_What you have to do_
If a line in the entries includes "Initial", show that line.
——————
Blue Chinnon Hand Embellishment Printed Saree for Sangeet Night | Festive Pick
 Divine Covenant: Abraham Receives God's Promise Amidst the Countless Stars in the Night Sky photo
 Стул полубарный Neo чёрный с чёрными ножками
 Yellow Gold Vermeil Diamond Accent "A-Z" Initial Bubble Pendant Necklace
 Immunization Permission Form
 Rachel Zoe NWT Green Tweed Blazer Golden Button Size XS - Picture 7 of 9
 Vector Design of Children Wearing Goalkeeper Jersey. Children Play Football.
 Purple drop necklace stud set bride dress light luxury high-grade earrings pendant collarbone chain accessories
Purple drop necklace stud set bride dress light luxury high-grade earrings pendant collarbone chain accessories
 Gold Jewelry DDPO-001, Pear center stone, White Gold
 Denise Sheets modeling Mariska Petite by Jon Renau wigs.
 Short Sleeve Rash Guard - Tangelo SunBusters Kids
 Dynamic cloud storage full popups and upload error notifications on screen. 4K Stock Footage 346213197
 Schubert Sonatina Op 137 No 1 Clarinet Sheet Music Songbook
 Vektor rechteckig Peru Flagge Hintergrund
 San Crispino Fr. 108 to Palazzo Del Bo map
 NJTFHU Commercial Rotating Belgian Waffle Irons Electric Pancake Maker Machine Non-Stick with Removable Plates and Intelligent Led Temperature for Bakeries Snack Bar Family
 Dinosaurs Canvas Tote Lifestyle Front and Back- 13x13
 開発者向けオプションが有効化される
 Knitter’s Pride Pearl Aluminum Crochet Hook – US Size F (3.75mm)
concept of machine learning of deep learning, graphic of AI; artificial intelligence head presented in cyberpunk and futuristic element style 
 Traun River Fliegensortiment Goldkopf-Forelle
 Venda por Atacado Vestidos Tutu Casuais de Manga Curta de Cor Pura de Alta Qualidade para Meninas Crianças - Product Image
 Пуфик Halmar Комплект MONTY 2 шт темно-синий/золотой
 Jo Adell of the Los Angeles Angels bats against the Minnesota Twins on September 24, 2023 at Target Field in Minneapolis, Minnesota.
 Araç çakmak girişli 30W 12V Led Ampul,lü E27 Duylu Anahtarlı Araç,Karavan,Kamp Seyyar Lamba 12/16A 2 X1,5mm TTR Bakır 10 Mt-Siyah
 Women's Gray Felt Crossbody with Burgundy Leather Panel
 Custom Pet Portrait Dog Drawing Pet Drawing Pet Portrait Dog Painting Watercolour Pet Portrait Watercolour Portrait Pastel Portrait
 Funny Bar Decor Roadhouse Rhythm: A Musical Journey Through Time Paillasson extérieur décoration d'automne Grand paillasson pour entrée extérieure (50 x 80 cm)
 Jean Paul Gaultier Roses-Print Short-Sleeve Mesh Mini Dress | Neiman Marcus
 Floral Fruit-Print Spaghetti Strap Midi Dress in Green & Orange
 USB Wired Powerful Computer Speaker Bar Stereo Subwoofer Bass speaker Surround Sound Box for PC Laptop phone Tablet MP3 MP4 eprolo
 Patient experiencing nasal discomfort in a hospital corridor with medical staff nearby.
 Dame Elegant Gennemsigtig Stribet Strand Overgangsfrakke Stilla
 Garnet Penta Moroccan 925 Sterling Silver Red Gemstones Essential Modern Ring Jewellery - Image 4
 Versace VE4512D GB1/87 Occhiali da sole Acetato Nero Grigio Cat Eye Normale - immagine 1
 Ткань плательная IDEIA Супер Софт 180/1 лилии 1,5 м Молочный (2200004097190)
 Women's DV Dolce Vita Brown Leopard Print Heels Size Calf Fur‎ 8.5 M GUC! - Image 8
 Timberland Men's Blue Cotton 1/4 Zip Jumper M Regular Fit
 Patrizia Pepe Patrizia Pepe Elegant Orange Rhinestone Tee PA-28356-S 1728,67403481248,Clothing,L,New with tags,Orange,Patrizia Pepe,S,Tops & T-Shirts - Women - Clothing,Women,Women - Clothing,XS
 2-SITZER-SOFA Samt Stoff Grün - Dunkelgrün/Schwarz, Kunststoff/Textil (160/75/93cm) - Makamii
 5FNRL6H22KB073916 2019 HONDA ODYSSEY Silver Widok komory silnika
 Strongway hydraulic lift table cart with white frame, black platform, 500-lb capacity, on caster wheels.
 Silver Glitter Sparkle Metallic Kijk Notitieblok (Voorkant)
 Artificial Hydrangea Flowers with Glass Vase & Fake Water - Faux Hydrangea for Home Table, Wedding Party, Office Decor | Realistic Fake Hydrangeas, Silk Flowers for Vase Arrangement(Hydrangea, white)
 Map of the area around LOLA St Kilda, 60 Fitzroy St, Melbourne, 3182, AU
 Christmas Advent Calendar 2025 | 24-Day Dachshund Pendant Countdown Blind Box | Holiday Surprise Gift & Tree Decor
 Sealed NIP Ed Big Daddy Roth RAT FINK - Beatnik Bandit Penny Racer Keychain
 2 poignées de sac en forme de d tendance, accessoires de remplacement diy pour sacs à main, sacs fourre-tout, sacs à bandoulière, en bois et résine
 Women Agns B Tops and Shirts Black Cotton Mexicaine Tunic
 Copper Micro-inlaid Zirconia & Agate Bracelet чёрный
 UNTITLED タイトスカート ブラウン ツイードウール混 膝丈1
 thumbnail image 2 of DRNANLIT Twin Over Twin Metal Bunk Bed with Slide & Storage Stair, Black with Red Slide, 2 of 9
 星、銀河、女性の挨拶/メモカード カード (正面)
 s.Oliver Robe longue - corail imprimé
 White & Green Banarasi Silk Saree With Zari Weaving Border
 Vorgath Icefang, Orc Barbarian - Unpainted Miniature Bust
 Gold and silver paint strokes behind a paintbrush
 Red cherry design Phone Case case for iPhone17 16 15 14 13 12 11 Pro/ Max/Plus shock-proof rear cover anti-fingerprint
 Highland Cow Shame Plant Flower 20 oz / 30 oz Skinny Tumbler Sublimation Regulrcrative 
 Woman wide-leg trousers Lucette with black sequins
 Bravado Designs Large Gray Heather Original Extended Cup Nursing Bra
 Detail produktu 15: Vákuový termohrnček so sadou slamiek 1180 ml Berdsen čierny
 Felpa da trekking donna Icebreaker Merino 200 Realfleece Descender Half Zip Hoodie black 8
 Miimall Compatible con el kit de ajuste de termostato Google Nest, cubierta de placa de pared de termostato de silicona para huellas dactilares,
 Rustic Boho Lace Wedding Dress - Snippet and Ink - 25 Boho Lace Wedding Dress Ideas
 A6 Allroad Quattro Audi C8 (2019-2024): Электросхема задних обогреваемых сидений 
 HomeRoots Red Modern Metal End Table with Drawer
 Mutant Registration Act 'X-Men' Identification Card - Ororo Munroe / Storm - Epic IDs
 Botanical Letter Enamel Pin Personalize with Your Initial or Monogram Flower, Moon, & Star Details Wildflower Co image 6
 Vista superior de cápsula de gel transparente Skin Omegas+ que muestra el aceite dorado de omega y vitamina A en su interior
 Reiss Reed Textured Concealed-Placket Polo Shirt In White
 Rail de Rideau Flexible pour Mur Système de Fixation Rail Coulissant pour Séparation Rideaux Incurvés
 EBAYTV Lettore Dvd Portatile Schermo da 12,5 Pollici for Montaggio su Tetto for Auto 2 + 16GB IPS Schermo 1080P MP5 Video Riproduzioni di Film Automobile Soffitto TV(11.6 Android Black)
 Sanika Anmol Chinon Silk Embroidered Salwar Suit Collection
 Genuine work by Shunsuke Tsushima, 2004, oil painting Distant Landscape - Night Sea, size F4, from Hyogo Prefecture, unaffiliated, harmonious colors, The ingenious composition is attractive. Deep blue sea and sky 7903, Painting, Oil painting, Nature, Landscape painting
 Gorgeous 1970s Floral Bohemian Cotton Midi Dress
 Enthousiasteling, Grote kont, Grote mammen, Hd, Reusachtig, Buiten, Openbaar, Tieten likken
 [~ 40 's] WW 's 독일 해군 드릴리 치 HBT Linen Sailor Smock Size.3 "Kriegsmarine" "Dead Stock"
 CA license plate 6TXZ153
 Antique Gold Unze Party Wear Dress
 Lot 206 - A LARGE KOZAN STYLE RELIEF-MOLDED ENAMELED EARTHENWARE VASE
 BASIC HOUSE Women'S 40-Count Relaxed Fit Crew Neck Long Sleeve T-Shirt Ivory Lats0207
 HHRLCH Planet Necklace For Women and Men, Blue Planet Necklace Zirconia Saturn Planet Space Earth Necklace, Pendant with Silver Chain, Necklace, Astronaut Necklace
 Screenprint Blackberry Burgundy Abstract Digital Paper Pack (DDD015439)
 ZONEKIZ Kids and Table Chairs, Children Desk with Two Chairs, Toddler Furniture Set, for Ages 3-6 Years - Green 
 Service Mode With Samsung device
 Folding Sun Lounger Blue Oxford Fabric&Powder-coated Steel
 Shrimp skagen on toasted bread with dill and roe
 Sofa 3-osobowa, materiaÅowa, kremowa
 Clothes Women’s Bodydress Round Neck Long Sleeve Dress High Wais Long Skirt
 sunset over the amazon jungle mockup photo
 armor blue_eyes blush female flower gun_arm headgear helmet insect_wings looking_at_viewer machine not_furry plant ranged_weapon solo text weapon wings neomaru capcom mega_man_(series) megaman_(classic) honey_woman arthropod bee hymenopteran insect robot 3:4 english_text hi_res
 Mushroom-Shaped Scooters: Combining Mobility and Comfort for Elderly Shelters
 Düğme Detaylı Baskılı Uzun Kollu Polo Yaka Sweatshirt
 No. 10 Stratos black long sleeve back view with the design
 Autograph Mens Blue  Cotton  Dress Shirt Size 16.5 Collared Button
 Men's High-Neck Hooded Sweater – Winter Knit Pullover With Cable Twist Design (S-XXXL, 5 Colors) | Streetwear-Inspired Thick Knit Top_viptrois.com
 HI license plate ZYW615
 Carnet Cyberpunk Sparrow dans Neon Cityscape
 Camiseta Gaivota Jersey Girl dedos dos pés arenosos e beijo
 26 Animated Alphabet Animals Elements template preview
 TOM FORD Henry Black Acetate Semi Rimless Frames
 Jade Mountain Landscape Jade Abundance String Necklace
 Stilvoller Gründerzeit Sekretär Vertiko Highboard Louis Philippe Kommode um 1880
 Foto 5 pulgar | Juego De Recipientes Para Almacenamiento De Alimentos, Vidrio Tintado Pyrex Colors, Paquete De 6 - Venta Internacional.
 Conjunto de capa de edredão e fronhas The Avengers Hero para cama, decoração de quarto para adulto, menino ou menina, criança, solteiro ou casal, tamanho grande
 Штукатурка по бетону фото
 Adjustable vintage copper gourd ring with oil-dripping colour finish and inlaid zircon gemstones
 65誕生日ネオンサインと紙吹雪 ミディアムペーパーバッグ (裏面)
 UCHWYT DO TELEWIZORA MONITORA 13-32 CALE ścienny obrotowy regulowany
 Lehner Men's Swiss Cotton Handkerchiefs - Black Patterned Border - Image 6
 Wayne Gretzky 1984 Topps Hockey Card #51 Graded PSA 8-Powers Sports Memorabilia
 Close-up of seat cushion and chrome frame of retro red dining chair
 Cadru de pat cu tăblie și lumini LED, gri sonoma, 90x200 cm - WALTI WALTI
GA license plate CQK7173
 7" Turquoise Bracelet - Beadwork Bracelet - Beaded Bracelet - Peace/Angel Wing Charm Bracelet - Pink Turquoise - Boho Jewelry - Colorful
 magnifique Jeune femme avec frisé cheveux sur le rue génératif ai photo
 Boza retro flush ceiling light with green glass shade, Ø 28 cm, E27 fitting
——————
_Solution for this exercise_
 Yellow Gold Vermeil Diamond Accent "A-Z" Initial Bubble Pendant Necklace
 Botanical Letter Enamel Pin Personalize with Your Initial or Monogram Flower, Moon, & Star Details Wildflower Co image 6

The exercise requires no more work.